## Items from a dataset:
--- START ---
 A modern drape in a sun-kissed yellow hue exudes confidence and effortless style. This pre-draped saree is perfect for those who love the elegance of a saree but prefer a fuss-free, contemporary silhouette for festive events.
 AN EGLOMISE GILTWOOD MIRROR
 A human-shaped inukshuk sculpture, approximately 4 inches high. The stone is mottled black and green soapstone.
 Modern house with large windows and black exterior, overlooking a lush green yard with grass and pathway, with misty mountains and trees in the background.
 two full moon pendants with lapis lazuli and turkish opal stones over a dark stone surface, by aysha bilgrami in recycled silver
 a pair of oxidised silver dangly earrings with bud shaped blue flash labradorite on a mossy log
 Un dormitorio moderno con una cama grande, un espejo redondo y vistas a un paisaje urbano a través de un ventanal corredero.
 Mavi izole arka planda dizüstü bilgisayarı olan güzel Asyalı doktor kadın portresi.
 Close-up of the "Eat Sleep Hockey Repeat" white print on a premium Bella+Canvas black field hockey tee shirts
--- END ---
--- START ---
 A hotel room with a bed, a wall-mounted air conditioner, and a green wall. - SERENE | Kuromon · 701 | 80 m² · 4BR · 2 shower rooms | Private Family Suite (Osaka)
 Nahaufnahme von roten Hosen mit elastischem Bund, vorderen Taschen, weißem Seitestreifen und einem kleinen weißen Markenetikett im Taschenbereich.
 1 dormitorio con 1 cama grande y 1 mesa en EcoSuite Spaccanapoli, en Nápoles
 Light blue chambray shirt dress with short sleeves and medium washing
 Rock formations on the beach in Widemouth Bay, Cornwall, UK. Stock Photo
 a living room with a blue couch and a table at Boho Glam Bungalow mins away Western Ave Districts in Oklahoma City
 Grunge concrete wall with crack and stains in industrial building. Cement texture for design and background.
--- END ---
--- START ---
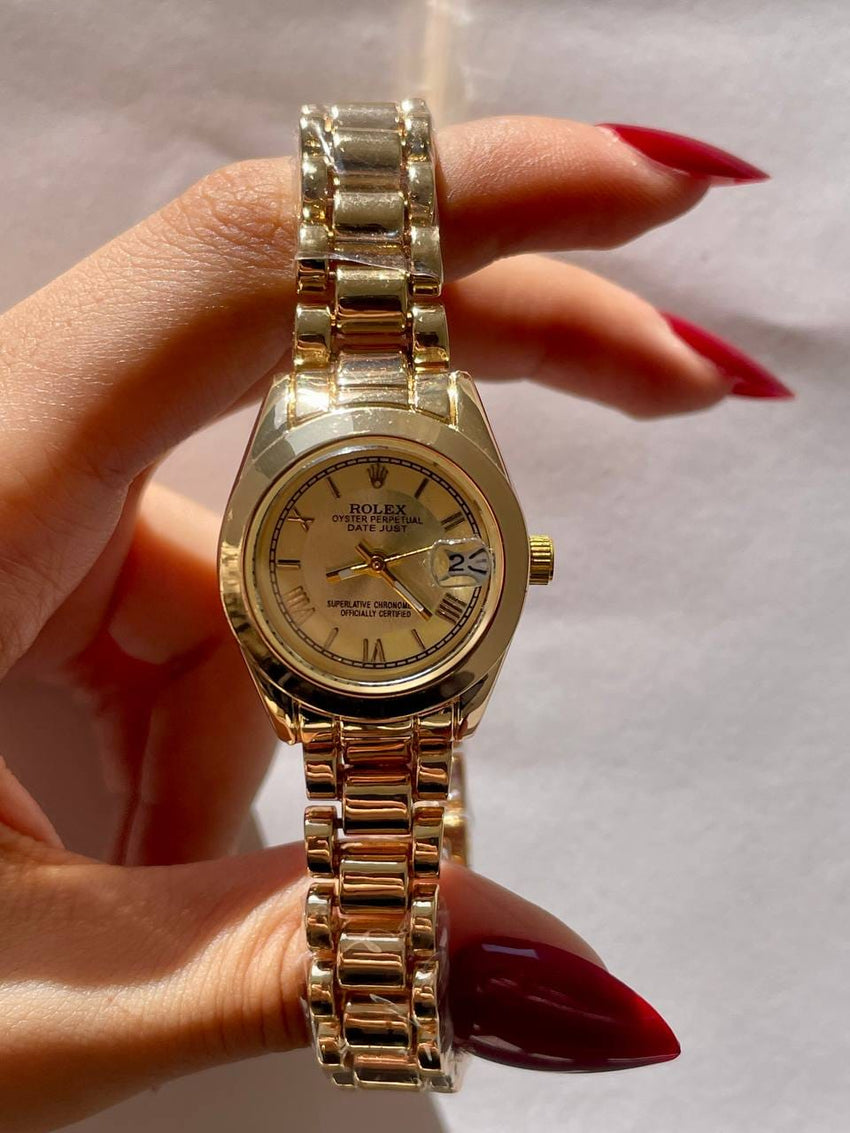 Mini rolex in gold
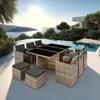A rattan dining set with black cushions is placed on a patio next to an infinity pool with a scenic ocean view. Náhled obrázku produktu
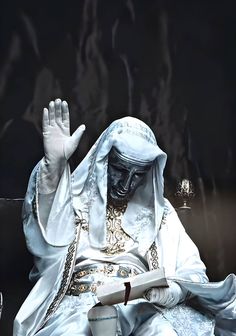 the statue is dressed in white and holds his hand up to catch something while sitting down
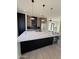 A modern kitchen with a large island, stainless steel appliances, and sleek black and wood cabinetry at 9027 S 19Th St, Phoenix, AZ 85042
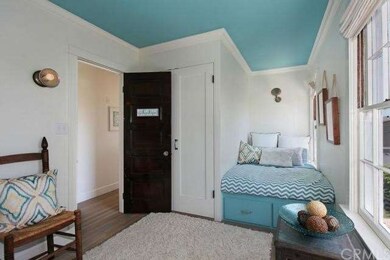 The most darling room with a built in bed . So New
--- END ---
## What you are asked to do:
Only one stretch of the records above is wanted: the lines between the one holding "Light blue chambray" and the one holding "Grunge concrete wall", inclusive, reproduced exactly.

## Result:
 Light blue chambray shirt dress with short sleeves and medium washing
 Rock formations on the beach in Widemouth Bay, Cornwall, UK. Stock Photo
 a living room with a blue couch and a table at Boho Glam Bungalow mins away Western Ave Districts in Oklahoma City
 Grunge concrete wall with crack and stains in industrial building. Cement texture for design and background.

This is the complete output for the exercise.